(Supplied information begins)

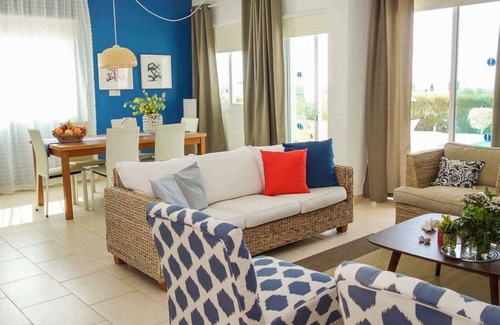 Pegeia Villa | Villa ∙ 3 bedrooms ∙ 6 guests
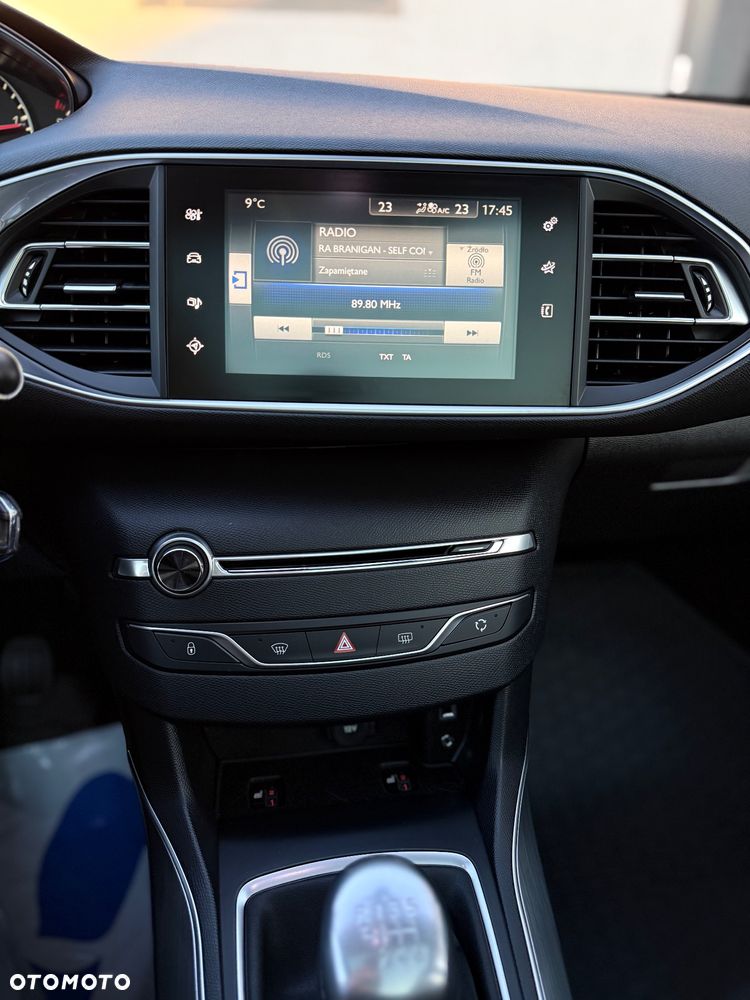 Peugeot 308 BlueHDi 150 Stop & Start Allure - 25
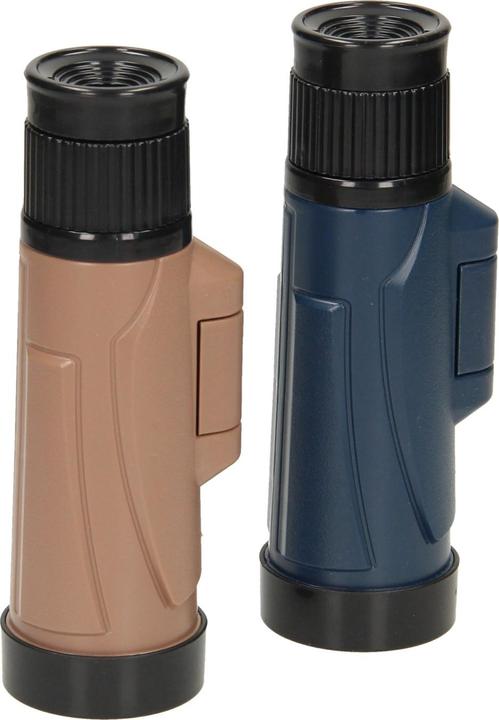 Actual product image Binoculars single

(Supplied information ends)

## Problem to solve
Your reply should consist solely of the lines from the line containing "Peugeot 308 BlueHDi" through the last line of the listing, unchanged and free of pictures.

## Exercise result
 Peugeot 308 BlueHDi 150 Stop & Start Allure - 25
 Actual product image Binoculars single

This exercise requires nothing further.